The Times reported that 31 of the 38 women, including the rabbi’s daughter, spoke on the record. The newspaper corroborated the claims by interviewing people whom the accusers informed of the incidents.
Earlier this month, The New York Times reported on sexual harassment allegations against Jewish movie mogul Harvey Weinstein by several women, including some renowned actresses. Dozens more women have come forward since The Times report and a second one in The New Yorker.
The Weinstein disclosures led to the #metoo campaign on social media in which women have come forward to share their stories of being sexually harassed or assaulted.
Many of the accounts about Toback in the Los Angeles Times were similar and involved sexual questions and masturbation in front of actresses or women attempting to break into the business.

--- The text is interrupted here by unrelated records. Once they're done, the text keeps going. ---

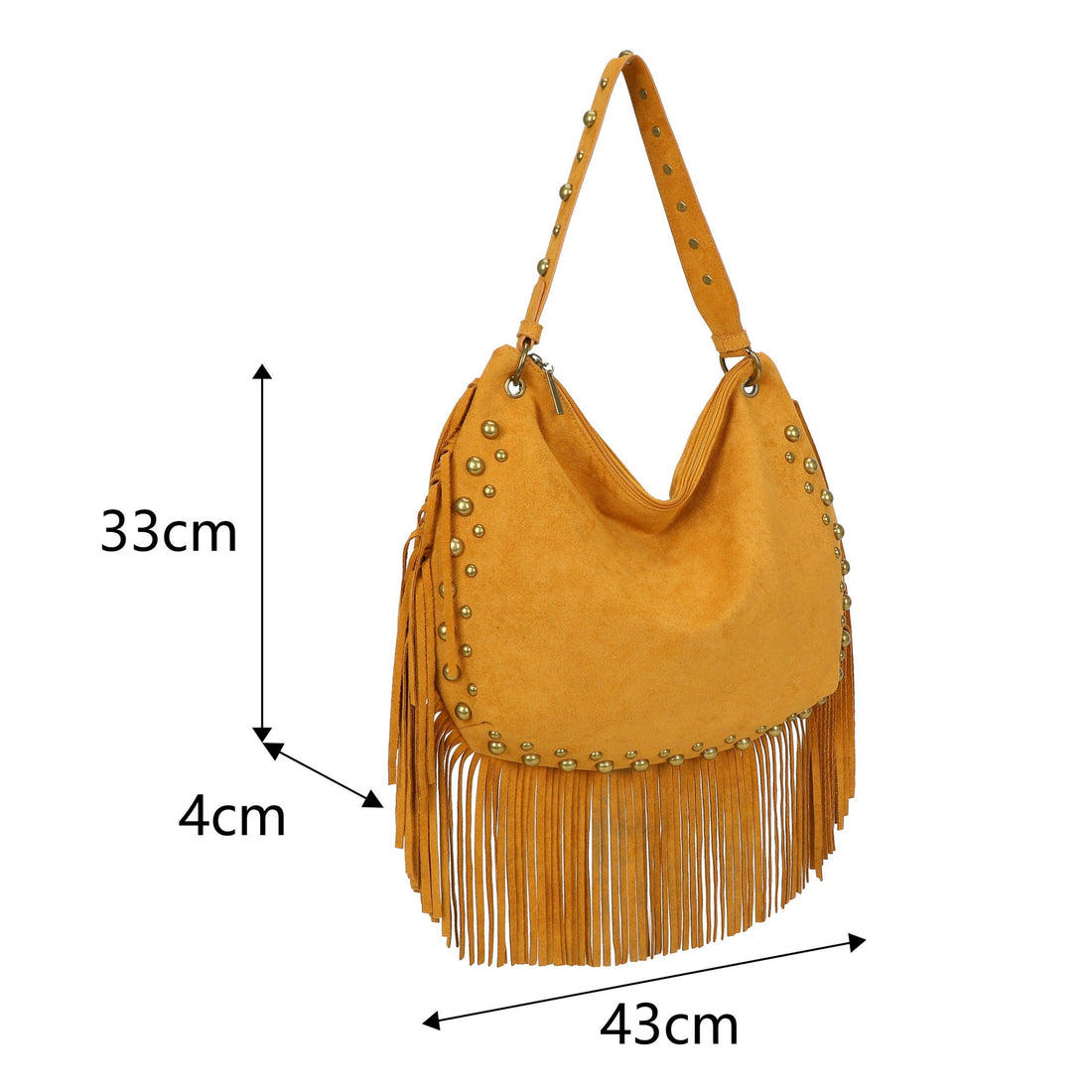 Huxley Studded Fringe Boho Slouchy Hobo Crossbody Shoulder Bag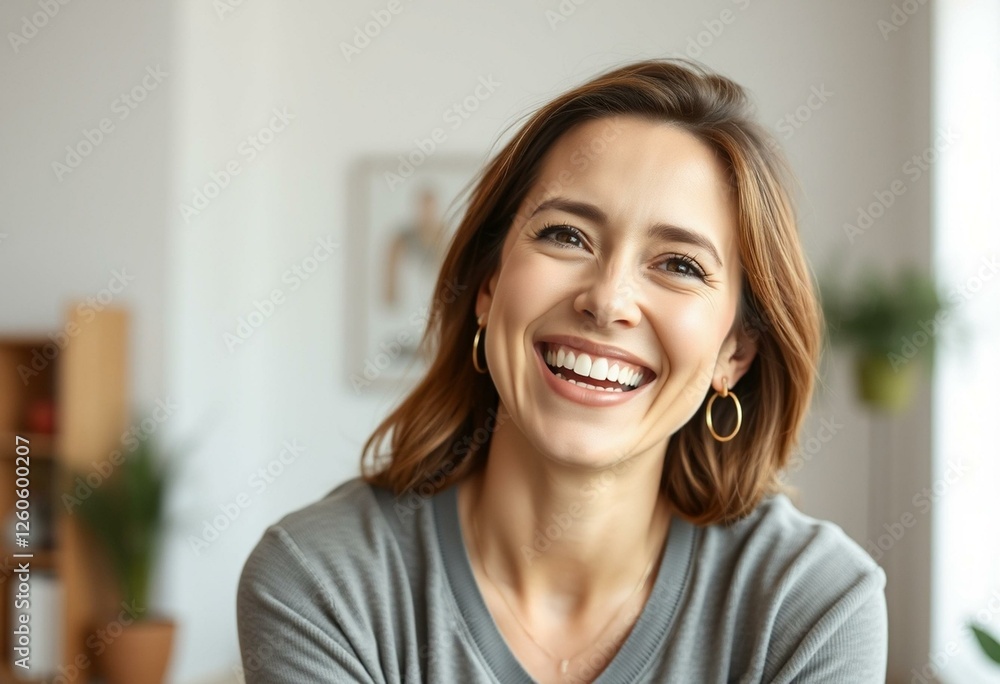 Photorealistic portrait of a smiling woman laughing Photorealistic portrait of a smiling woman laughing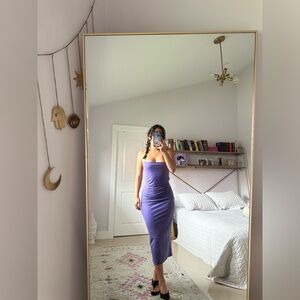 purple bodycon waist sinching dress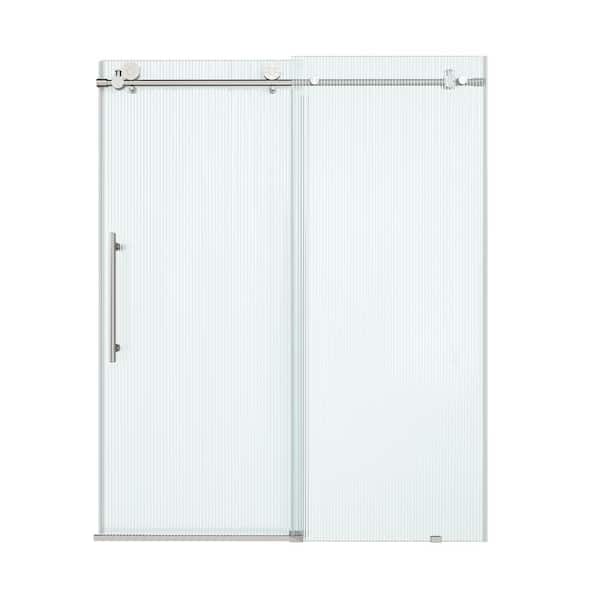 60 in. W x 76 in. H Framless Single Sliding Shower Door in Brushed Nickel with 3/8 in. (10mm) Fluted Glass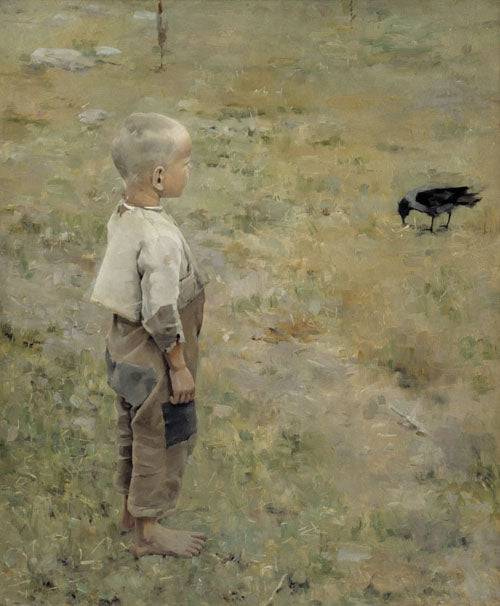Boy with a Crow by Akseli Gallen-Kallela — hand-painted landscape oil painting reproduction on canvas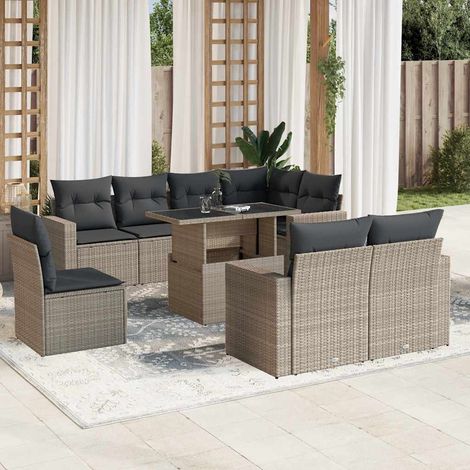 Salon de Jardin 9 pièces Tressé Résine Gris Clair, Modulaire avec Table Réglable et Coussins Lavables (1/5)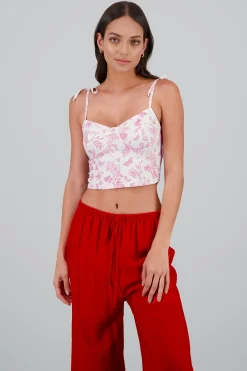 Shasa Floral Print Strap Top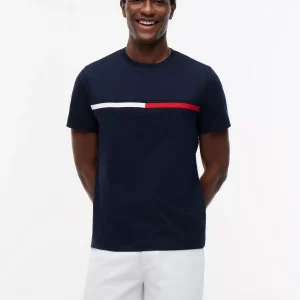 Embroidered Flag Logo T-Shirt-Navy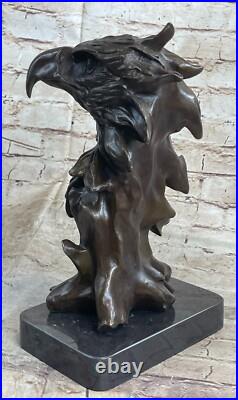 Détaillé Rare Aigle Marbre Sculpture Buste Bronze Tête Collection Art Déco Solde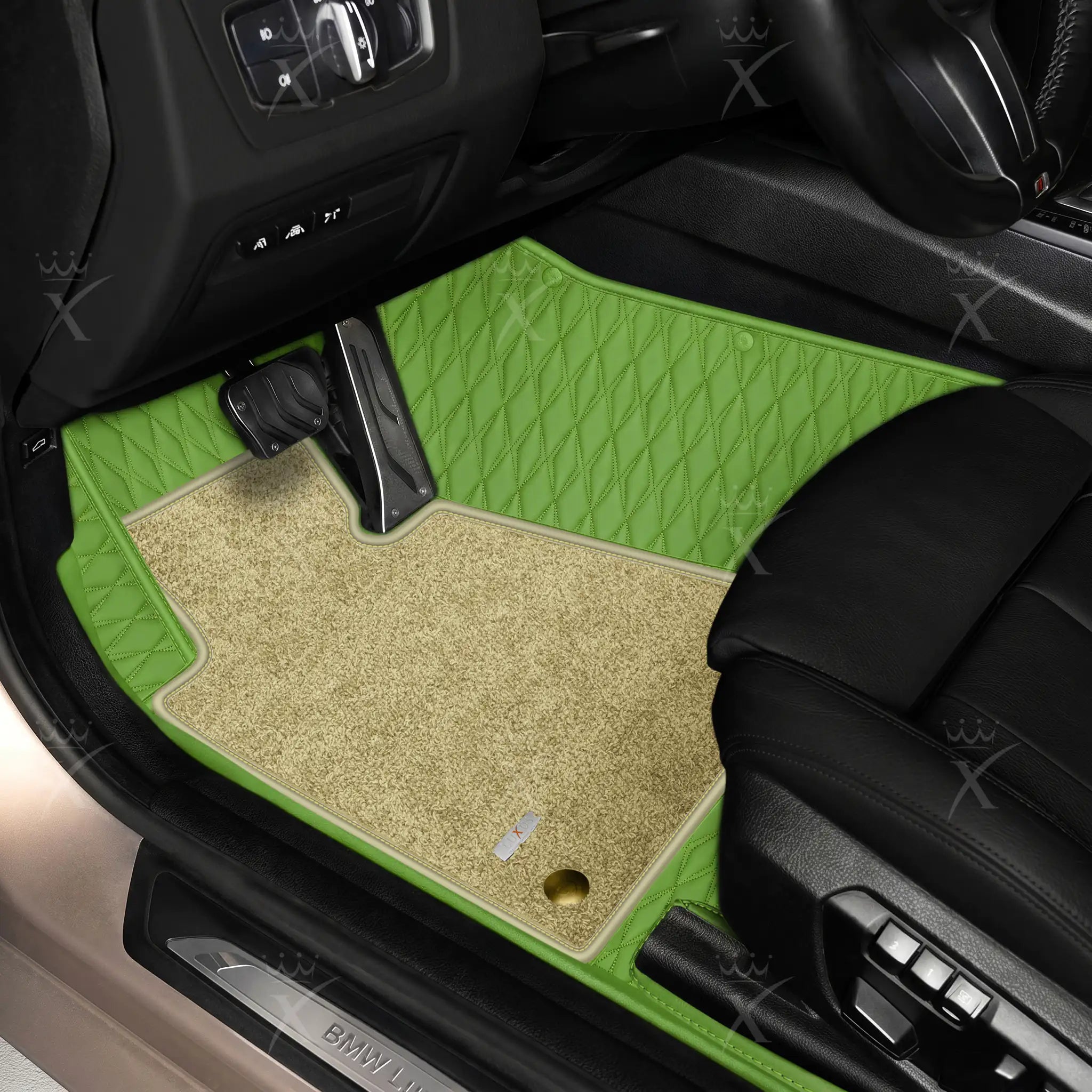 Luxus Twin-Diamond Double Layer Series Floor Mats | Lime Green & Sahara Stone Top Carpet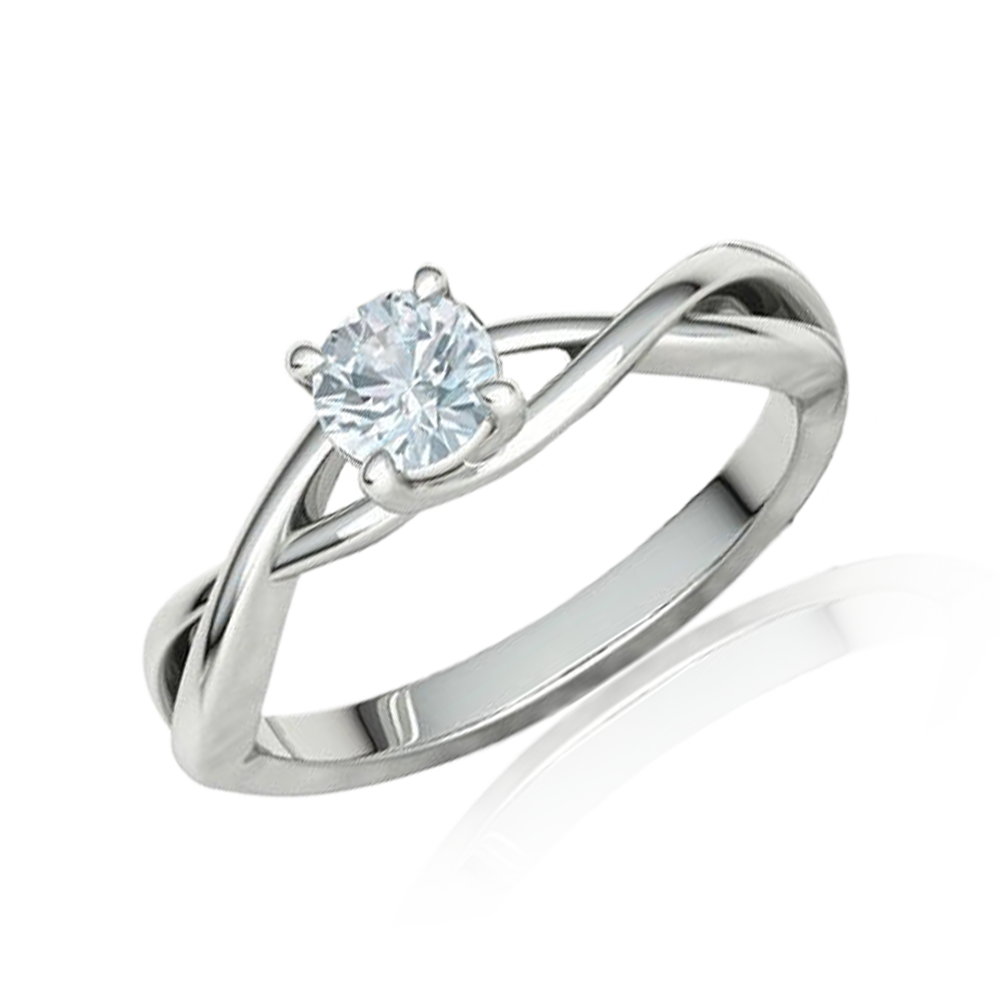 Serenity Solitaire Ring In White Gold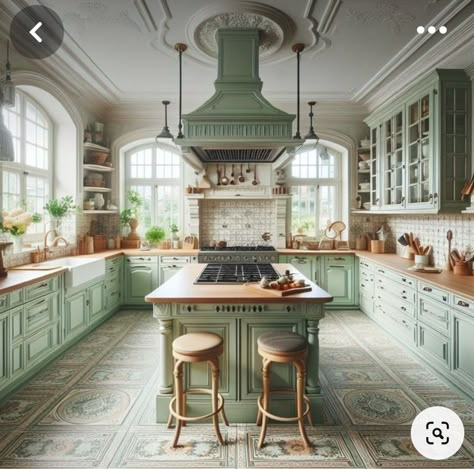 2024 Color Palette, Cottage House Interior, Old House Interior, House Interior Design Styles, Green Kitchen Cabinets, Curated Home, 2024 Color, Green Cabinets, Shabby Chic Kitchen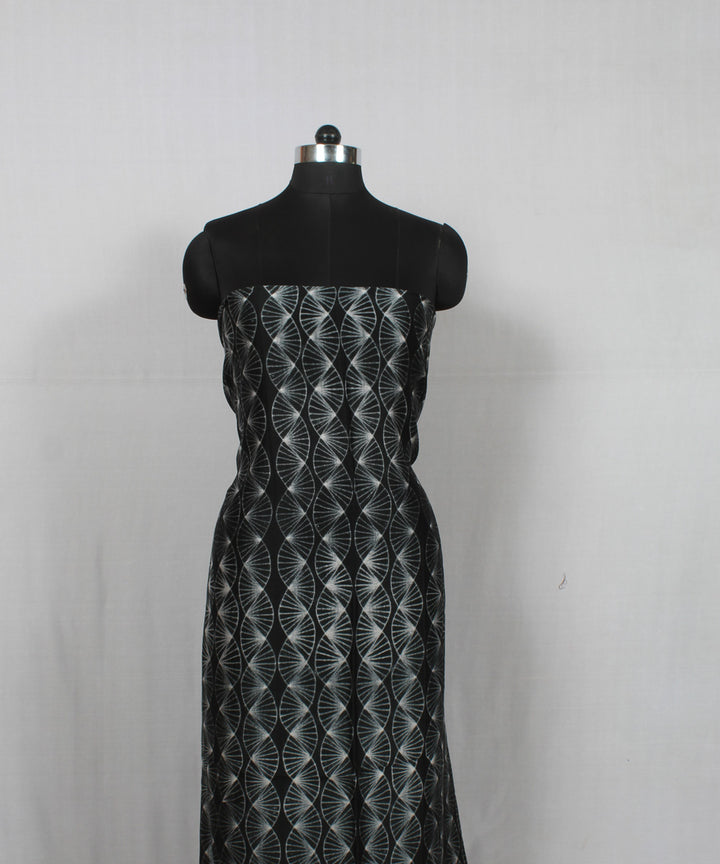 Black offwhite handloom cotton silk shibori kurta material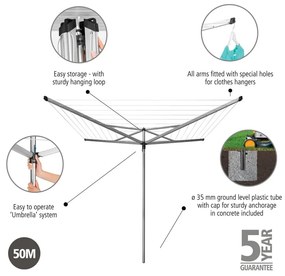 Vonkajší sušiak na bielizeň v striebornej farbe 50 m Essential – Brabantia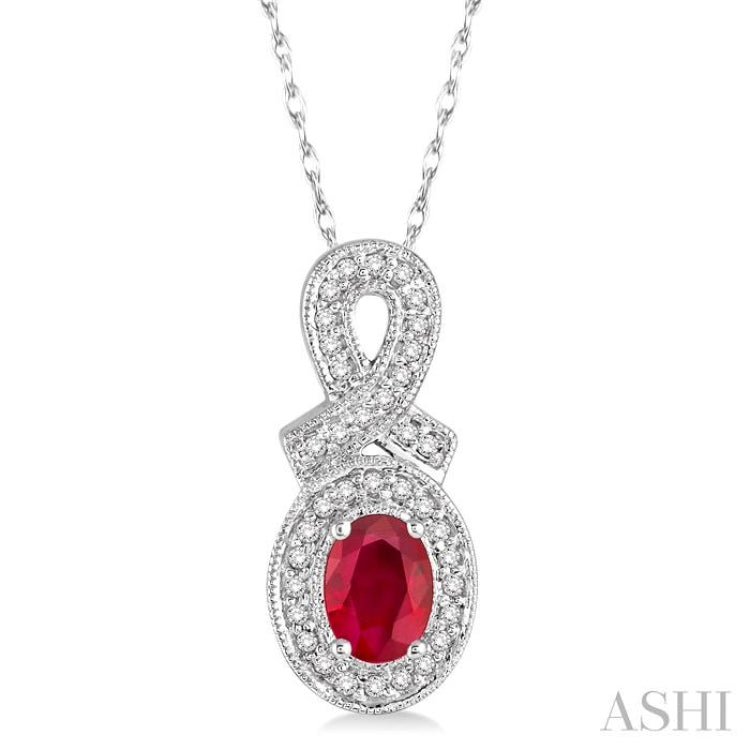 6x4 MM Oval Cut Ruby and 1/5 Ctw Round Cut Diamond Pendant in 10K White Gold with Chain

Among the women quoted in the article is Sari Kamin, whose story posted last week on the Medium online platform about her experience allegedly being victimized by Toback while she was an aspiring actress in 2003 spurred the Times article.
Kamin, who now works in radio, said in a Facebook post that hours after she posted the story Tuesday on Medium, she was contacted by a group of five women who had similar experiences with Toback and had found each other on social media. By Friday the number had grown to 30.
Kamin noted that Times reporter Glenn Whipp heard from another 40 women after his article was published who also had experienced sexual harassment by Toback.
“Thank you to all the brave women who reached out to me and were willing to add your voice,” Kamin wrote. “I know it wasn’t an easy thing to do and I am so proud of all of you and happy to now know you. And thank you to all the men who have stood up and said ‘no more.’ It’s time that we start addressing sexual harassment and assault as a systemic issue instead of having to wait for a moment to be heard.”